Here are some random grabs.

"The metaverse will inspire a bustling new economy at every level."

"Once the metaverse is executed, there will be new opportunities through advertising – a $1 trillion opportunity by expert estimates."

"Super exciting about the Metaverse is you can customise your avatar. Don't like your eyes? Your hair? Your age? You're in the driver's seat! Change your eyes, cut your hair."

My heart sinks.

Especially when I consider that Facebook has renamed itself Meta and Mark Zuckerberg is a shining-faced evangelist of it.

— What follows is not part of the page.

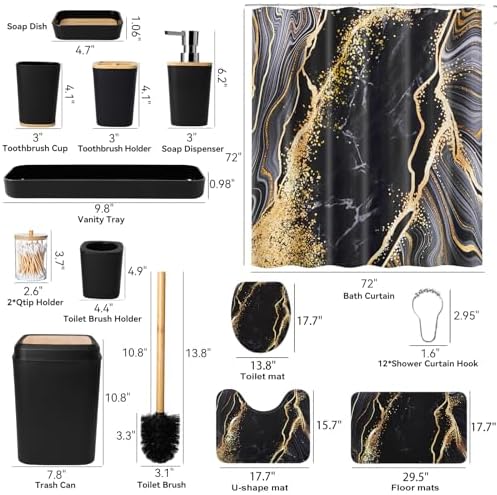 XLHOMO Bathroom Set Bathroom Sets with Shower Curtain and Rugs,Black Bathroom Accessories Set Waterproof Black and Gold Shower Curtain Set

And why is it not remotely reassuring to read that Facebook has invested $50 million to "ensure the metaverse is built responsibly"?

Paradoxically, this mistrust could be the best thing to happen to the digital future.

The Facebook/Meta brand is so perjured, whatever the company tries to do next is going to be monitored very closely.

Those taking a close interest in the metaverse include regulators and law-makers.

They've been fed raw meat in the last few months by whistle-blower Frances Haugen.

She is the Facebook engineer who testified to both the US Senate and the UK House of Commons that her former bosses "put astronomical profits before people."

Nadine Dorries is determined that a safety-first mindset will prevail in the unfolding of Web 3.0 and the metaverse. She is the UK's Culture Secretary whose Online Safety Bill is being considered by Parliament. One of her proposals is that social media executives should be criminally liable for safety breaches.

In other words, Meta's Head of VR, Andrew Bosworth, could go to prison if sexual harassment in VR gaming, already a thing, is left unchecked.

We live in hope, eh?

Seriously, though, I for one am pleased that fences are going up across this brave new (virtual) world. Utopias don't work. Thomas More knew this. The word 'utopia' in ancient Greek means 'nowhere'. The metaverse deserves better than that.